Is the Aristo RDC scale length or is it shortened? It looks kind of short to me.


----------



## GaryY (Jan 2, 2008)

To answer your question...yes...the Aristo RDC has been 'selectively compressed'... 
I assume to handle curves, switches etc, but still contains the essential elements of the original such as number of windows and the proper placement of the roof exhaust etc. I think they are an excellent diesel. 


I am an RDC fan and according to a review in GR magazine a couple of years ago, the Aristo RDC-1 measures 31 3/4" long; 4 1/8" wide; 6 1/2" wide. I wrote these figures down because I wanted to build a shelf to hold mine when I bought it.
This works out to 76'-9"long x 10'wide and 15' 8-1/2" high in proto size or about 8 feet shorter than the real thing.

The prototypes were 85 ft in length as they were patterned after Budd's stainless steel passenger cars.
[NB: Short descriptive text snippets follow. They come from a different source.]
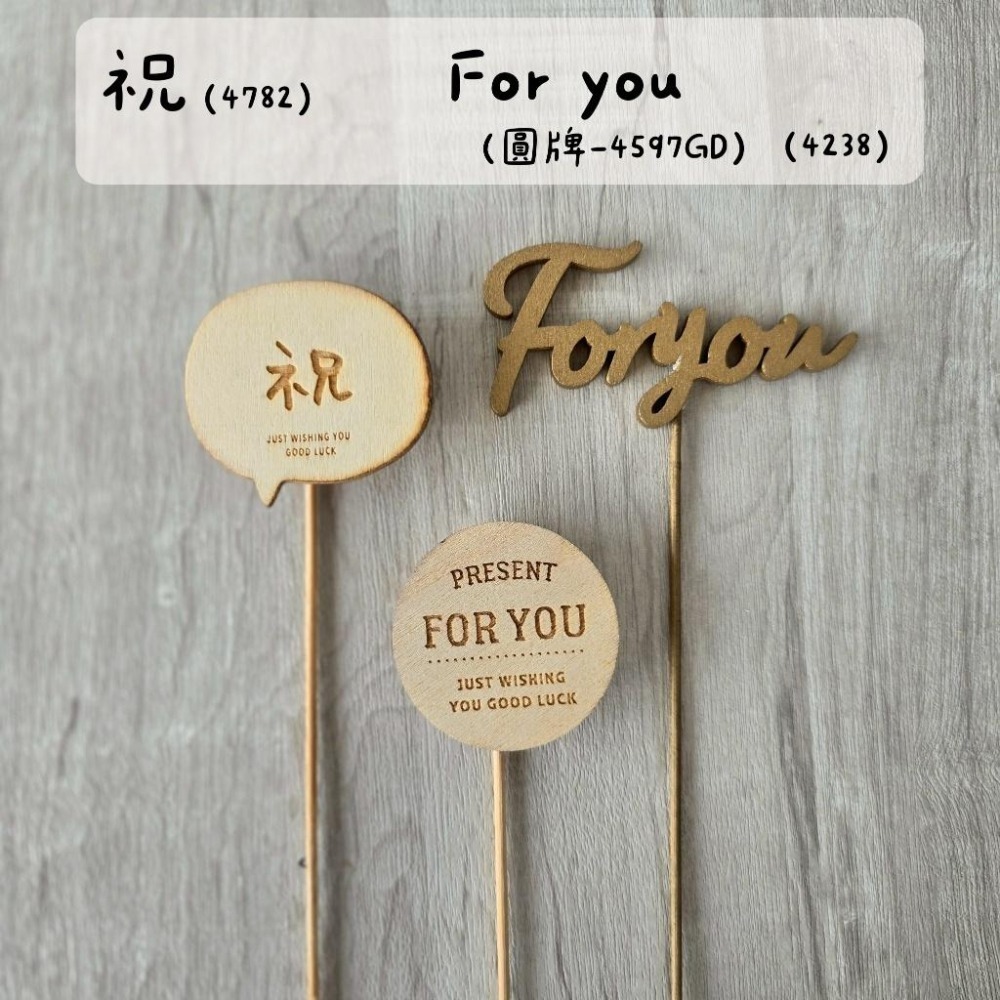 貓魚手作| 萬用花插 多款 祝福英文 生日 母親節 畢業 新年 萬聖節 小熊 兔子 黑貓 日本Greenhouse-細節圖8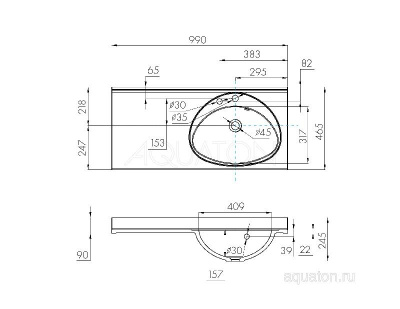 Раковина AQUATON Отель 3/100 правая белая с навесами 1A70083NOT01R фото в интернет-магазине Русалия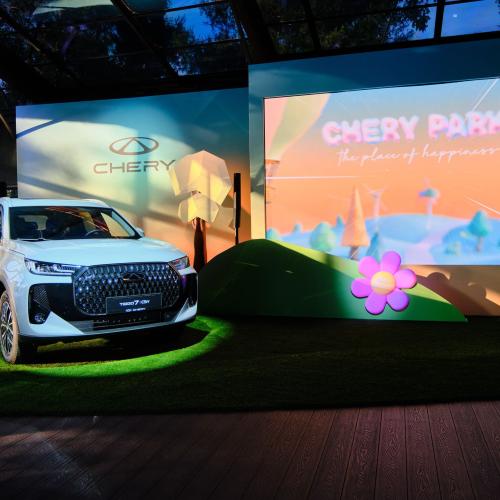 Chery Park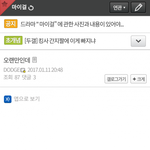 [EXO] 첸 진성팬 현재 반응.<b>jpg</b>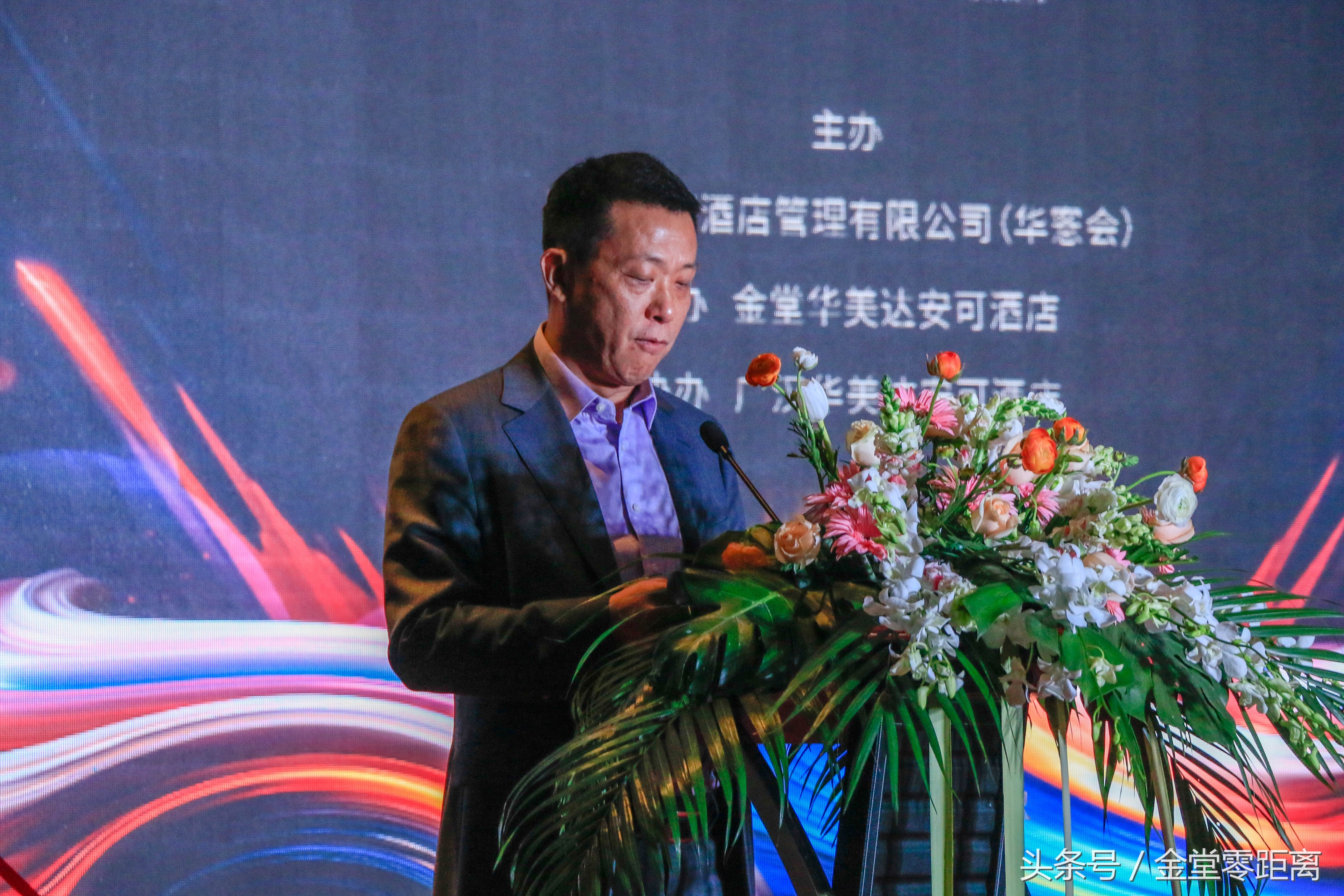 激动！金堂首个官方认证的四星级饭店诞生啦，原来就是她……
There were RDC 1, 2 3,4, 9 (or 5) various configurations made... all 85ft except the RDC 4 which was built for RPO use and was only 72 ft long.


Aristo is coming out with an RDC-3 soon which was the half baggage, half passenger model.

Hope this helps

Gary


----------



## aceinspp (Jan 2, 2008)

Also the 1 to 1 cars were 14ft 7 inches high top of rail head to the exhaust stack. I have two of the RDCs now and really like them will be getting the RDC 3 when they arrive. Make for a nice 3 car set. Later RJD


----------



## cvngrr (Apr 28, 2008)

Thanks!

8 feet is not that much, maybe it looks short to me because it is too tall.


----------



## Bill Swindell (Jan 2, 2008)

I have 2 of them. They are certainly long enough to look substantial.


----------



## GaryY (Jan 2, 2008)

Posted By cvngrr on 12/22/2008 8:21 AM
 Thanks!

8 feet is not that much, maybe it looks short to me because it is too tall.





FYI The Aristo RDC scale height very closely matches (if not exactly) the prototype 14'7" height that RJD provided... 

Gary


----------